The primary efficacy endpoint was defined as the mean change in daytime systolic ABPM from baseline to 3 months in the RDN group as compared with the SHAM group. This analysis was repeated at 1 and 6 months as a secondary endpoint. To address the potential effects on BP by confounding changes in study medication during follow-up, we assumed a mean effect of ±5 mmHg for one discontinued or added antihypertensive defined daily dose (DDD) [17]. This assumption was based on a meta-analysis [18], and for each patient an adjusted mean value of daytime systolic ABPM was derived and analyzed in the same way as the primary efficacy endpoint.

Tertiary efficacy parameters consisted of other ABPM measures (DBP, mean BP, night-time BP and 24-h BP).

Vasoactive hormones were evaluated at baseline and after 1 month of follow-up.

Safety

All adverse events and complications were systematically recorded in the trial CRF during each study visit. Specific interventional related safety data included bleeding or femoral pseudoaneurysm requiring intervention, renal artery dissection, myocardial infarction, stroke and death. Specific follow-up-related safety record concerned BP, renal function, electrolyte disarrangement, stroke, transitory ischemic attack, myocardial infarction and symptomatic hypotension.

Statistical analysis

The ReSET trial was initiated before the HTN3 trial.

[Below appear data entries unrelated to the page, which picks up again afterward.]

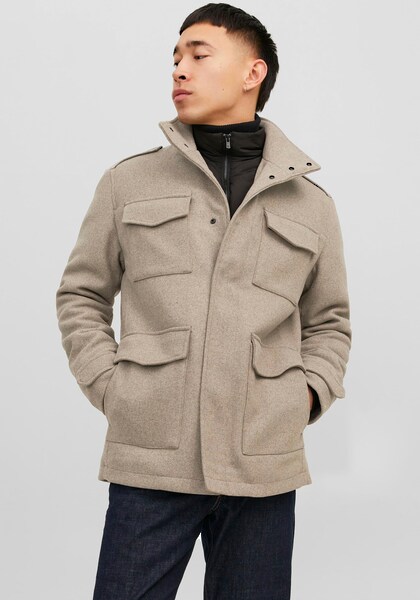 Jack & Jones Parka »JPRBLAPARKER WOOL FIELD JKT SN«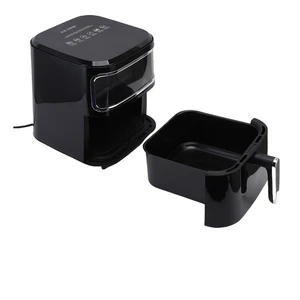 Multifunctional Oilless Fryer 10L Touch Screen Electric Deep Fryer With Vis - Picture 1 of 24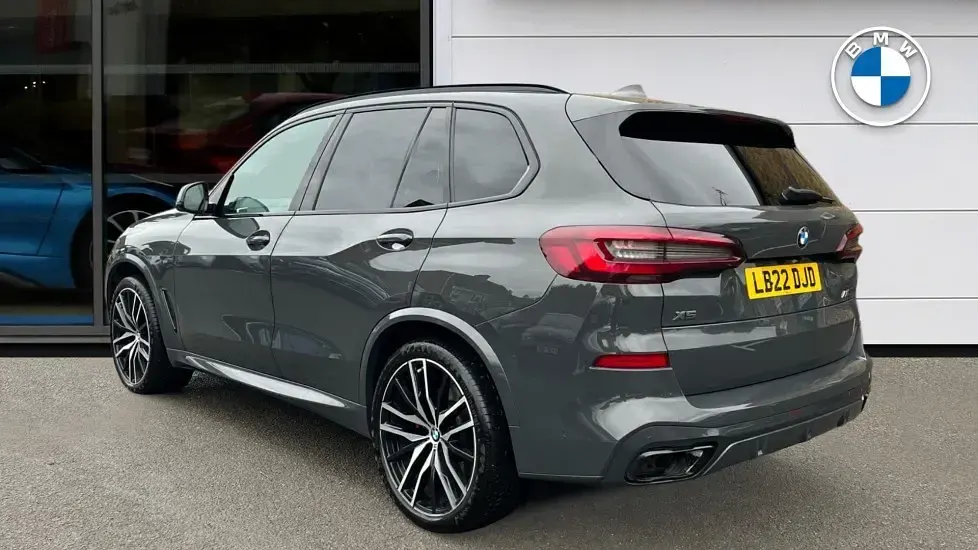 Used BMW X5 Comfort Edition 523 HP (384 kW) 2022 Grey SUV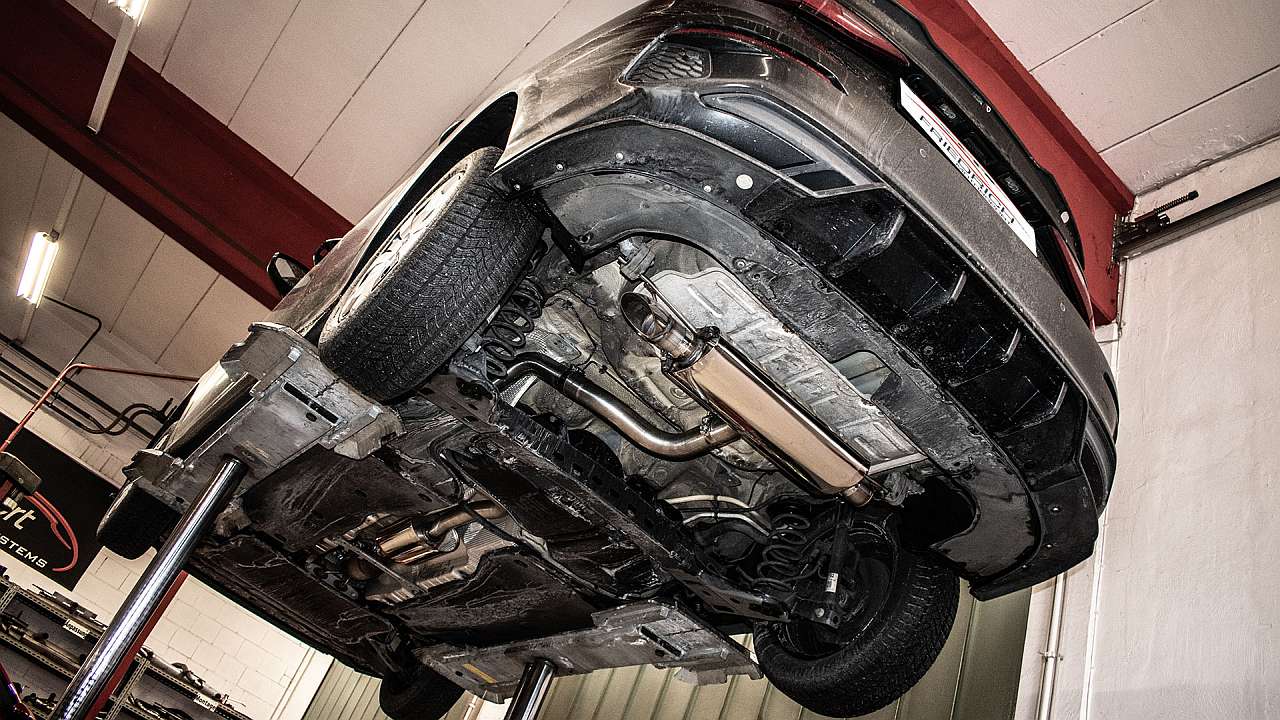 Friedrich Motorsport Gruppe A Anlage für AUDI A3 GY 03/2020-03/2024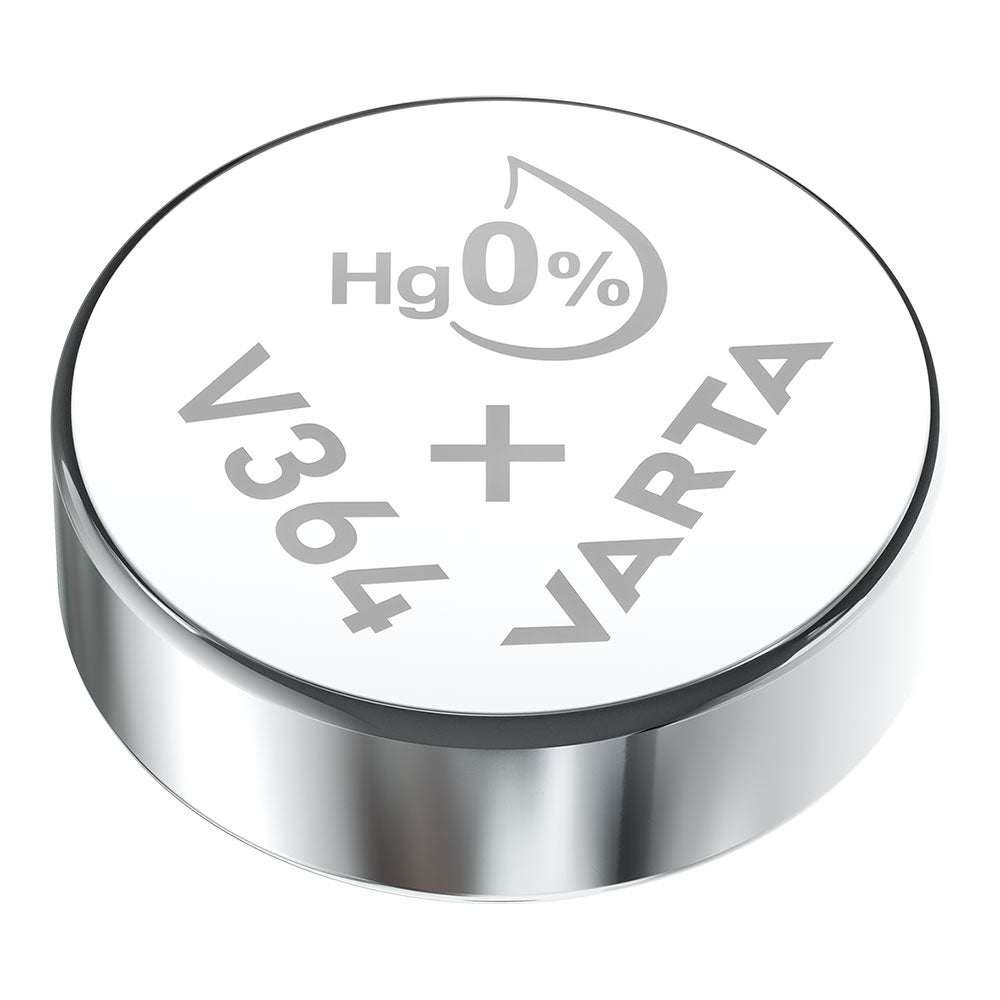 Micro pilha de botão varta silvr sr60 - v364 1,55v (blÃster 1 unid.) ø6,8x2,15mm_0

Therefore, according to ABPM data from the HTN2 trial [2] and according to our own pilot data [14], we hypothesized a between-group difference on the primary endpoint of 10 mmHg (daytime systolic ABPM after 3 months). Expecting a SD of approximate 13 mmHg on ABPM (own data), we calculated a minimum sample size of 28 patients in each group, beta value 0.8 and alpha value 0.05. Analysis was planned according to the intention-to-treat principle (meaning from the time of randomization), and we therefore decided to randomize a total of 70 patients.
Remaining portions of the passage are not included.